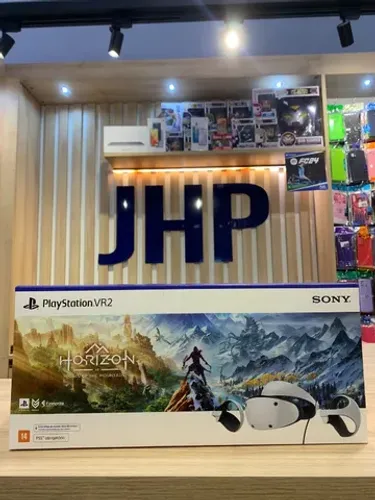 Óculos VR2 Playstation 5 + Horizon Call Of The Montion - Loja Física - até 12x sem juros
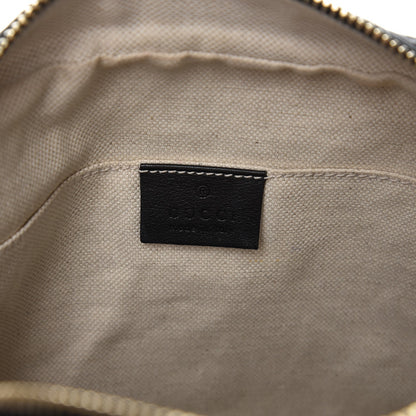 Gucci Guccissima Mini Bree Messenger Bag Black 6 of 7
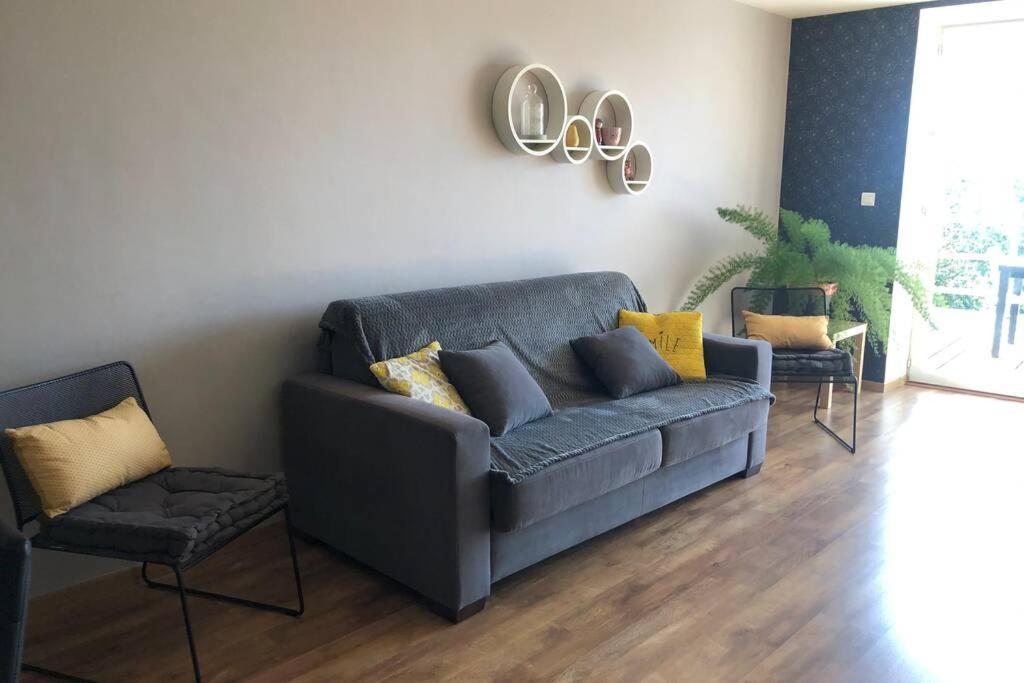 Maison Au Coeur Du Vignoble Jurassien 90 M2 Lavigny Ngoại thất bức ảnh
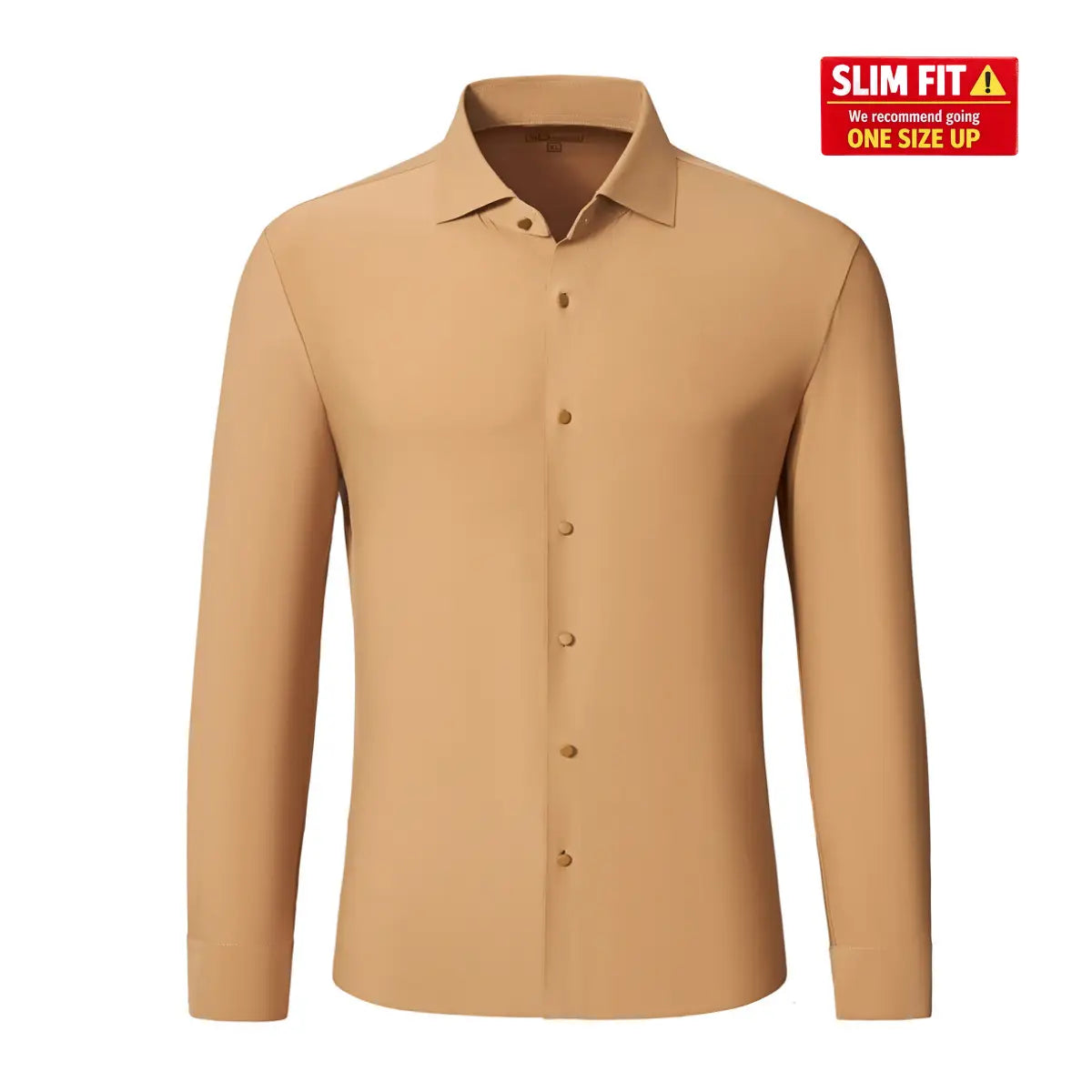 AeroFlex Stitchless LS Shirt KHAKI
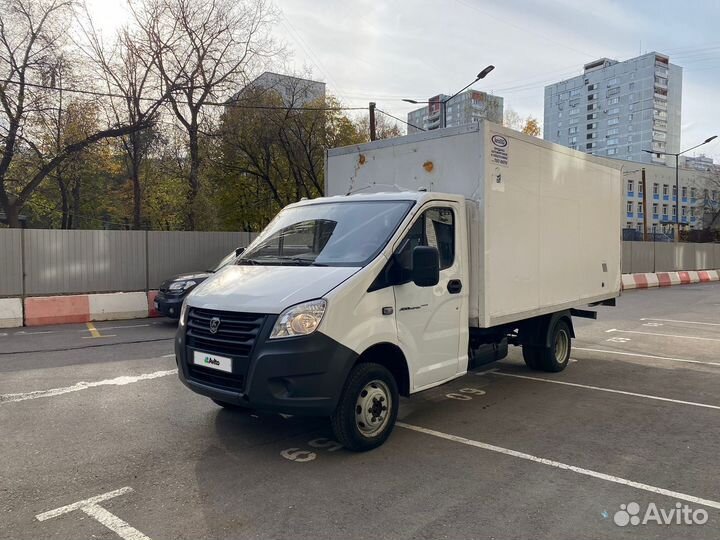 ГАЗ ГАЗель Next 2.8 МТ, 2018, 175 000 км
----
PROMPT:
Exactly the lines from the one containing "Maison Au Coeur" through the end of the data above: repeat those, both ends included, and nothing else. Skip the pictures.

EXERCISE SOLUTION:
 Maison Au Coeur Du Vignoble Jurassien 90 M2 Lavigny Ngoại thất bức ảnh
 AeroFlex Stitchless LS Shirt KHAKI
 ГАЗ ГАЗель Next 2.8 МТ, 2018, 175 000 км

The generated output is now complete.